══ Records for processing ══

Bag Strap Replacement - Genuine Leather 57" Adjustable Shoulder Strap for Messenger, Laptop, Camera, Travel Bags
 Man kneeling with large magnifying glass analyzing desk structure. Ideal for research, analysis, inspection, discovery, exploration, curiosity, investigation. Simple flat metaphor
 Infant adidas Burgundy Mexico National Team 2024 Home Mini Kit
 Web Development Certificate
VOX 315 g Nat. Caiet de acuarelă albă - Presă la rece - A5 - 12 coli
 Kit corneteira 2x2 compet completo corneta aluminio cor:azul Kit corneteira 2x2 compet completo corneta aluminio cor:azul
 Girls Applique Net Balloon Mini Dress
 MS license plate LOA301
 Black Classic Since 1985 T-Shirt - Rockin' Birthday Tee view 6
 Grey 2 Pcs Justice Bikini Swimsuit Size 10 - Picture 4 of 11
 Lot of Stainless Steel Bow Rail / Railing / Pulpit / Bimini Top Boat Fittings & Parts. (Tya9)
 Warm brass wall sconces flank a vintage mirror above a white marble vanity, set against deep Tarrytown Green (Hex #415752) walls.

═══

- [What you have to do]:
Word for word, restate the lines above from the line containing "Man kneeling with" through the line containing "Grey 2 Pcs Justice", with both included and nothing else.

- [Problem solution]:
 Man kneeling with large magnifying glass analyzing desk structure. Ideal for research, analysis, inspection, discovery, exploration, curiosity, investigation. Simple flat metaphor
 Infant adidas Burgundy Mexico National Team 2024 Home Mini Kit
 Web Development Certificate
VOX 315 g Nat. Caiet de acuarelă albă - Presă la rece - A5 - 12 coli
 Kit corneteira 2x2 compet completo corneta aluminio cor:azul Kit corneteira 2x2 compet completo corneta aluminio cor:azul
 Girls Applique Net Balloon Mini Dress
 MS license plate LOA301
 Black Classic Since 1985 T-Shirt - Rockin' Birthday Tee view 6
 Grey 2 Pcs Justice Bikini Swimsuit Size 10 - Picture 4 of 11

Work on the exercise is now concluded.